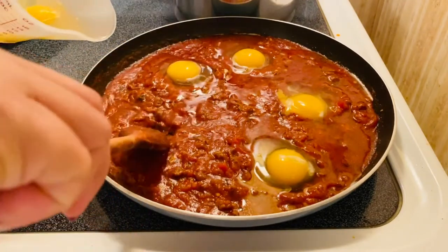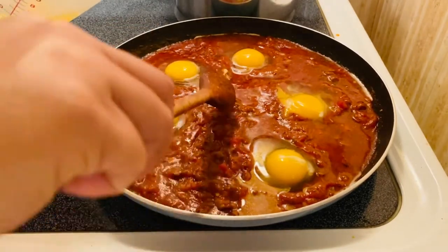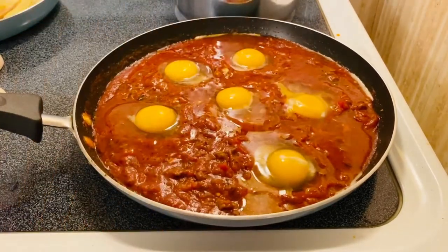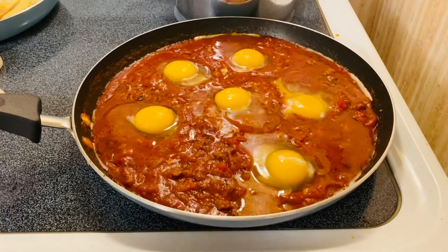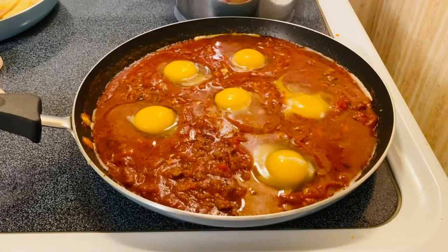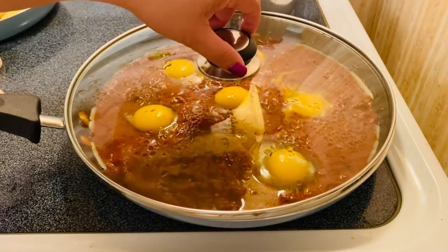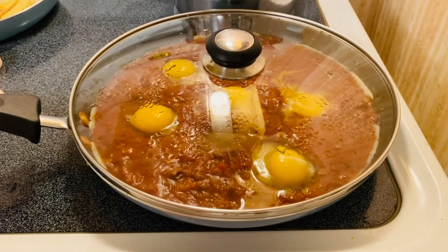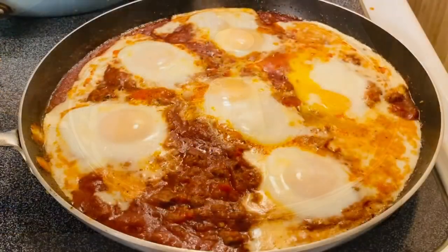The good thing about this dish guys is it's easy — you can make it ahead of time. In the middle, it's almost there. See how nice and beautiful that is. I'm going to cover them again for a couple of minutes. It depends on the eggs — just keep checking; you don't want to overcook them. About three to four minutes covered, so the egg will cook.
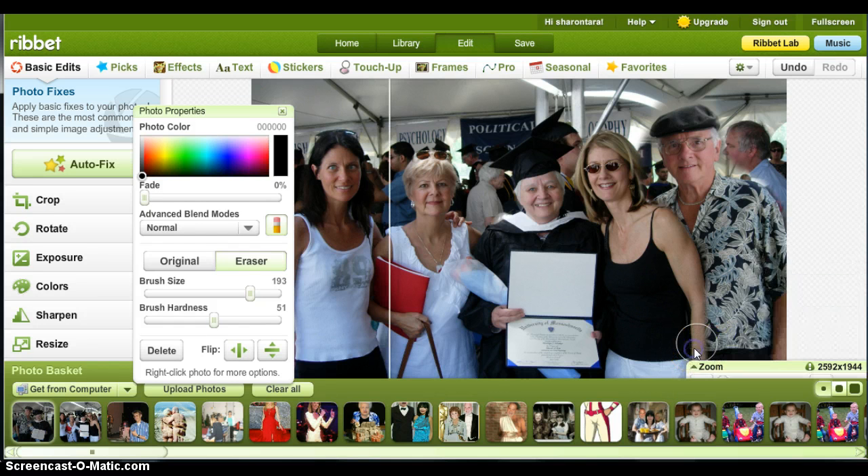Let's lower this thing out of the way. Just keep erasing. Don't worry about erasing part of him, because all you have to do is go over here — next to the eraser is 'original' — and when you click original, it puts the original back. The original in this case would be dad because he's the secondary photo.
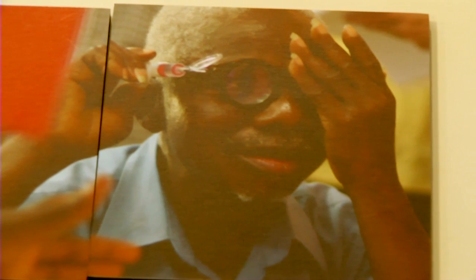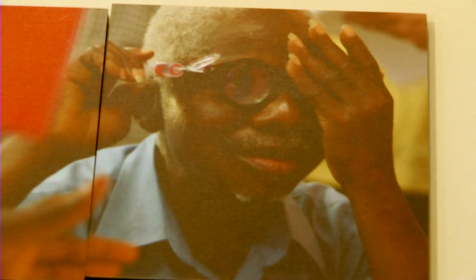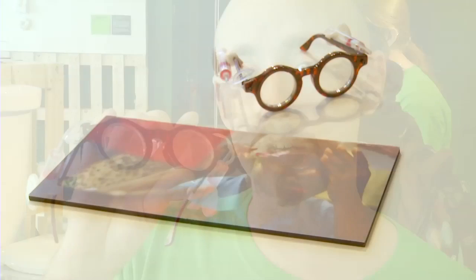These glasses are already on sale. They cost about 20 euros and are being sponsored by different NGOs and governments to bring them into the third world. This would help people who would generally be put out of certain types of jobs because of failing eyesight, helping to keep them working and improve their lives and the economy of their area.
|---|
THE PROBLEM - Set the material down exactly, images excluded.

ANSWER TO THIS EXERCISE -
The good thing about this dish guys is it's easy — you can make it ahead of time. In the middle, it's almost there. See how nice and beautiful that is. I'm going to cover them again for a couple of minutes. It depends on the eggs — just keep checking; you don't want to overcook them. About three to four minutes covered, so the egg will cook.
Let's lower this thing out of the way. Just keep erasing. Don't worry about erasing part of him, because all you have to do is go over here — next to the eraser is 'original' — and when you click original, it puts the original back. The original in this case would be dad because he's the secondary photo.
These glasses are already on sale. They cost about 20 euros and are being sponsored by different NGOs and governments to bring them into the third world. This would help people who would generally be put out of certain types of jobs because of failing eyesight, helping to keep them working and improve their lives and the economy of their area.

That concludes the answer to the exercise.